Happy Birthday to the Padres!

May 27 has a special meaning for San Diego baseball fans

With the Padres and Nationals playing a series over Memorial Day weekend on the East Coast I thought you all might like this little history lesson.

Many people don’t realize it but May 27 is quite possibly the most important day in the history of the San Diego Padres.

It was on this day in 1968 that San Diego learned it was going from the Pacific Coast League to the Major Leagues when MLB awarded America’s Finest City with a National League expansion team.

The first owner was C. Arnholt Smith, a San Diego businessman who had to pay $10.5 million (the equivalent of about $71 million in 2017) to get the franchise. It’s actually somewhat fitting that the Padres are in Washington, D.C. for a game on May 27 because that city has a little history with the Friars.

When Smith, the original owner, had financial trouble he was looking to sell and came close to moving the team to our nation’s capital (D.C. had lost the Senators in 1961 when they moved to Minnesota and again in 1971 when they moved to Texas).

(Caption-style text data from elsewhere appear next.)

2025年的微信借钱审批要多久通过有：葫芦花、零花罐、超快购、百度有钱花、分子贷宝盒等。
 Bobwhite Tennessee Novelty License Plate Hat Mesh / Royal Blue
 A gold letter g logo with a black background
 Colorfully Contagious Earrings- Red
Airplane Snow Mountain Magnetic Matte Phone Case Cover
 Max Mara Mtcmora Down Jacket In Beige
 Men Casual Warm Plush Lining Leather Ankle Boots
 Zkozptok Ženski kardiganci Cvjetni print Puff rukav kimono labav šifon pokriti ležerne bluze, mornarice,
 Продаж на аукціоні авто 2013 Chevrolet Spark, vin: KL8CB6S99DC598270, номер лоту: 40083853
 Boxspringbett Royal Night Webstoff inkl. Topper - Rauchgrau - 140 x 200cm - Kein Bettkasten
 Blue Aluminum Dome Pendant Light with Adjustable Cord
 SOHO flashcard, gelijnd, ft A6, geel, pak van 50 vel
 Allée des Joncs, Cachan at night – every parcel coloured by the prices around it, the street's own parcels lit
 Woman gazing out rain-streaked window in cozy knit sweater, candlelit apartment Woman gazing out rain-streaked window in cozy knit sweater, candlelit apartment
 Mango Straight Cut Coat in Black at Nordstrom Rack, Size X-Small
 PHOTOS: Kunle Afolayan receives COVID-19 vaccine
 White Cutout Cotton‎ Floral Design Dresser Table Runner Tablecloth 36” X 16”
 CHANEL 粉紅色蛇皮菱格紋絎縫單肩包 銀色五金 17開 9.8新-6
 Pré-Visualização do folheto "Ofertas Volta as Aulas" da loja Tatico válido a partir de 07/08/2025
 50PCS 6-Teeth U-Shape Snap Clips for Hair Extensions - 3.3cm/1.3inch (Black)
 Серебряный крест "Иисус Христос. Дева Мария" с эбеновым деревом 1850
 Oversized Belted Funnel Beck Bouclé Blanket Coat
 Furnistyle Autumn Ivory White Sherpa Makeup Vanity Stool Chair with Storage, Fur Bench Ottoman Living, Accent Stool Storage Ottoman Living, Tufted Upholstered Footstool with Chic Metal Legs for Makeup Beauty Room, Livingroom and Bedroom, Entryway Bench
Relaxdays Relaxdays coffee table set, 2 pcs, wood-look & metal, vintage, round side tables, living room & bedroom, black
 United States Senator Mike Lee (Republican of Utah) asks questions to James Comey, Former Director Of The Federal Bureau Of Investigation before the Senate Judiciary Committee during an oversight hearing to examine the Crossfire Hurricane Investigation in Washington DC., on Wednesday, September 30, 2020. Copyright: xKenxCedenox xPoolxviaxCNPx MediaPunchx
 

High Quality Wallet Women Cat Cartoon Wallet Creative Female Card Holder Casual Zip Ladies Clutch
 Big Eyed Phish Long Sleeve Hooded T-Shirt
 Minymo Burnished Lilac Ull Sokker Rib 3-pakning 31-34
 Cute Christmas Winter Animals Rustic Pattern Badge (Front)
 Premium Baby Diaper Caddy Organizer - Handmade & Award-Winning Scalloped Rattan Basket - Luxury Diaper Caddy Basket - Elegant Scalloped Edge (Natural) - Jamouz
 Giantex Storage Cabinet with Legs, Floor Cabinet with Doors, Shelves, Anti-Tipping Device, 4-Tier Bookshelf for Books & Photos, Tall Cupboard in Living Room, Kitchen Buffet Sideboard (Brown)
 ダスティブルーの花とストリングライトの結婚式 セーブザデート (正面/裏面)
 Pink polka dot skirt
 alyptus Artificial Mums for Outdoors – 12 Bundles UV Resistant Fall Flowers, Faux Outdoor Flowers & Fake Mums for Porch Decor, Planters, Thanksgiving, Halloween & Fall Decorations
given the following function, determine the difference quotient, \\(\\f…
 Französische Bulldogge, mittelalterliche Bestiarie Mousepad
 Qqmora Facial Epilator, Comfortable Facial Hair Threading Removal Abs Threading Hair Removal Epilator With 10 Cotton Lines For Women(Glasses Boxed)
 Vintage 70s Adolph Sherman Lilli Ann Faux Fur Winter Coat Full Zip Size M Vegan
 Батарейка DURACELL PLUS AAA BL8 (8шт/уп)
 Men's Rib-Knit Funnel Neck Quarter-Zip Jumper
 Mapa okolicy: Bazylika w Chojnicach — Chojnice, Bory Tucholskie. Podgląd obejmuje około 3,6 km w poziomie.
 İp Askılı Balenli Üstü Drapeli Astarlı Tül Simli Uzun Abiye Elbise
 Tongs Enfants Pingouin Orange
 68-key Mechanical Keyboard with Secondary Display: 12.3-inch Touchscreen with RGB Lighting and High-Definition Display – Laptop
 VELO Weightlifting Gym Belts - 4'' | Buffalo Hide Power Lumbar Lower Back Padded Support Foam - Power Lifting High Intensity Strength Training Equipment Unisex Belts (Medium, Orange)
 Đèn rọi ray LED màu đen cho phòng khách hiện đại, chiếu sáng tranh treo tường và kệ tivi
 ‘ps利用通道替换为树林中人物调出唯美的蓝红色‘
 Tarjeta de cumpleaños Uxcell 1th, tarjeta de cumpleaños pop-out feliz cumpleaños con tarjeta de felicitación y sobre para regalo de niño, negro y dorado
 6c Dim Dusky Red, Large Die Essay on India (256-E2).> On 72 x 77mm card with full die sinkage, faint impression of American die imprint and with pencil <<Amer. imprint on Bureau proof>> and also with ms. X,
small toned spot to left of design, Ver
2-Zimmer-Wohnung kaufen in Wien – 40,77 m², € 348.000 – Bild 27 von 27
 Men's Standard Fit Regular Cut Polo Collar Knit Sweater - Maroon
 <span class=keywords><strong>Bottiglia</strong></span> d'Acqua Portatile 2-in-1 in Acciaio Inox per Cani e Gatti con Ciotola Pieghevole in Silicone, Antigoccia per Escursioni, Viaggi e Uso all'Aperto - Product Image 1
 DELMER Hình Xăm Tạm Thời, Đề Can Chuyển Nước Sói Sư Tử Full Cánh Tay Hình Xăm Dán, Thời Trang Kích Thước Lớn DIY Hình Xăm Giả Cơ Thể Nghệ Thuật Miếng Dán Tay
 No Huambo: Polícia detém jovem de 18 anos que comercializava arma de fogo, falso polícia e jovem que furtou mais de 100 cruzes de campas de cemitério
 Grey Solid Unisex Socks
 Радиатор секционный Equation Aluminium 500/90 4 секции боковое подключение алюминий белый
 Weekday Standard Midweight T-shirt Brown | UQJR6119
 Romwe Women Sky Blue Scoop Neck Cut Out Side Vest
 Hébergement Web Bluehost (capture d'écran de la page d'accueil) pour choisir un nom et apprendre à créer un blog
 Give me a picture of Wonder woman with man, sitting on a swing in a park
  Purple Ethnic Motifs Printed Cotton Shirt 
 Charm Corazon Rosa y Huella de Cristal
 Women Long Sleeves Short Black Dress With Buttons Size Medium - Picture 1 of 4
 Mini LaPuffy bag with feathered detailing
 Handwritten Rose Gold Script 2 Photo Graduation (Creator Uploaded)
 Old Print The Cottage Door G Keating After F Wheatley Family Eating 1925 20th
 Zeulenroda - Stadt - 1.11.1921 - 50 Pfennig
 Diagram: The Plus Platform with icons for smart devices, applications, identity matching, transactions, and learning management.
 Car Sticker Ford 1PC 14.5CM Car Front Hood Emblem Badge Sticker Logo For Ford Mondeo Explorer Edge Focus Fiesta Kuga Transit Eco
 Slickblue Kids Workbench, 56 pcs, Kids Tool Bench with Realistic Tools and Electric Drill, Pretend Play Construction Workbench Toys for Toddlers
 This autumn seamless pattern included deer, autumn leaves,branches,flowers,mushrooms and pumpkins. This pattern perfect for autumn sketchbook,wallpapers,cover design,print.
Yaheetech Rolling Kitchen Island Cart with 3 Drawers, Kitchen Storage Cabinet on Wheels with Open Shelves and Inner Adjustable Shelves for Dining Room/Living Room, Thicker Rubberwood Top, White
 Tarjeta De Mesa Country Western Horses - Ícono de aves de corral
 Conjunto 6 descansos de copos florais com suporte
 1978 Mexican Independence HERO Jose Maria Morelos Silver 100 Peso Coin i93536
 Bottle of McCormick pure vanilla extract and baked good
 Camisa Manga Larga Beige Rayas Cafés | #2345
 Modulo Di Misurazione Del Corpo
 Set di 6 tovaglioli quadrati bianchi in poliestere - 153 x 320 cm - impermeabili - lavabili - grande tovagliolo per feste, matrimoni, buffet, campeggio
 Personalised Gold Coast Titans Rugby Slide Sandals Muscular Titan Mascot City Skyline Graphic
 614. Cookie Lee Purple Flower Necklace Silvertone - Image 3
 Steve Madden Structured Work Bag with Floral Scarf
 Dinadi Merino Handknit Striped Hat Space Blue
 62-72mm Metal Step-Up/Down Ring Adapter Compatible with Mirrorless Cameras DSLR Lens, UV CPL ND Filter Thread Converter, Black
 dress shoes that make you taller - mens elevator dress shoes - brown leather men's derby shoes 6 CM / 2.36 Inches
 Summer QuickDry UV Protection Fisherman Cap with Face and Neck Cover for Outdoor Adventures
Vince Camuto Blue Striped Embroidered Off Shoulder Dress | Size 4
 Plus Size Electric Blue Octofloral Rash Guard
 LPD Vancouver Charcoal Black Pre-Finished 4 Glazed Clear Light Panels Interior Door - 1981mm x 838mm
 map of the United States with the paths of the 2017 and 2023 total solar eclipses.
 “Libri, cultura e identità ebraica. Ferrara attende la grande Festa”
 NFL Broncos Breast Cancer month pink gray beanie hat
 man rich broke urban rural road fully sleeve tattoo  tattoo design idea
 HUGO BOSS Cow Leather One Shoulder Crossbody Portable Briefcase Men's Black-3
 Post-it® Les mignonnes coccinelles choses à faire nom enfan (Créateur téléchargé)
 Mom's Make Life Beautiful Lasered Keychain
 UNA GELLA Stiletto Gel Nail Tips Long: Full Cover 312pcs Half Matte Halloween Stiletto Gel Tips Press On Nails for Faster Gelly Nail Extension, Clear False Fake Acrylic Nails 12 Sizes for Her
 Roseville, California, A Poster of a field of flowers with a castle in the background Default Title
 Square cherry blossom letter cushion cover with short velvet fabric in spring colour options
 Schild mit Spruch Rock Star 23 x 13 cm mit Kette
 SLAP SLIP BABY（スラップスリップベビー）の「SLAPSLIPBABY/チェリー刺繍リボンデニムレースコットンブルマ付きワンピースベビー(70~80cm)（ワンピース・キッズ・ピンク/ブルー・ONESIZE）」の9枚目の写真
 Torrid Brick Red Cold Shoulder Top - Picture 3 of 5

That’s when the man who was arguably the most important figure in Padres history, Ray Kroc, stepped in to buy the team and keep it in its home city.

The Padres have been entrenched in our town ever since, not winning a championship, but still serving as motivation for the thousands of kids who grew up here watching the game, seeing the best ballplayers on the planet under the lights, and wanting to chase their own big league dreams.

Of course a World Series would still be nice, too.